How Discord Indexes Billions Of Messages?
They depend heavily on open source..
Discord has millions of users sending billions of messages every single day. Now, these users want to search these messages too. How do we index these to make them searchable by different keywords in the message?
Let’s find out.
1. The simple answer is that Discord uses Elastic search. What is elastic search? Elasticsearch is a distributed, free and open search and analytics engine for all types of data, including textual, numerical, geospatial, structured, and unstructured. Elasticsearch is built on Apache Lucene.
2. How does elastic search store data? It stores it in the form of JSON documents which are a combination of multiple key-value pairs.

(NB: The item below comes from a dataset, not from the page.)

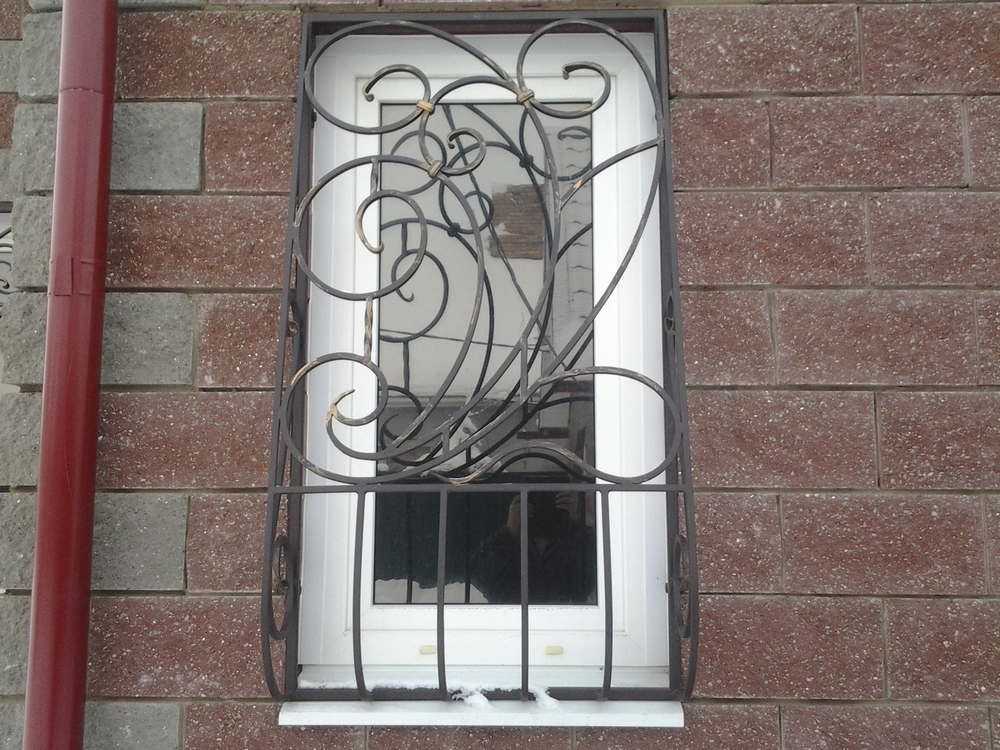 Выбор и способы установки металлических решеток на окно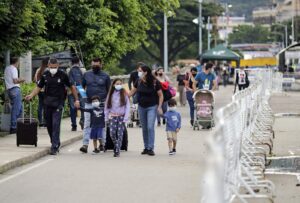 Migrantes venezolanas enfrentan creciente violencia de género en Colombia y Perú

3. How does this elastic search enables indexing? Elastic search internally creates an inverted index. What is an inverted index?An inverted index lists every unique word that appears in any document and identifies all of the documents each word occurs in.
4. During the indexing process, Elasticsearch stores documents and builds an inverted index to make the document data searchable in near real-time. Indexing is initiated with the index API, through which you can add or update a JSON document in a specific index.
5. Now let’s see how discord uses Elastic Search. Elasticsearch likes it when documents are indexed in bulk. This meant that discord couldn’t index messages as they were being posted in real-time. But do you even need real-time indexing? No, because you don’t search just posted messages. You want to search old messages.
6. Now, let’s see what do we need for bulk indexing.
1. A distributed queue for transiently storing incoming messages.
2. A bunch of indexer workers which will index a batch of messages into the elastic search.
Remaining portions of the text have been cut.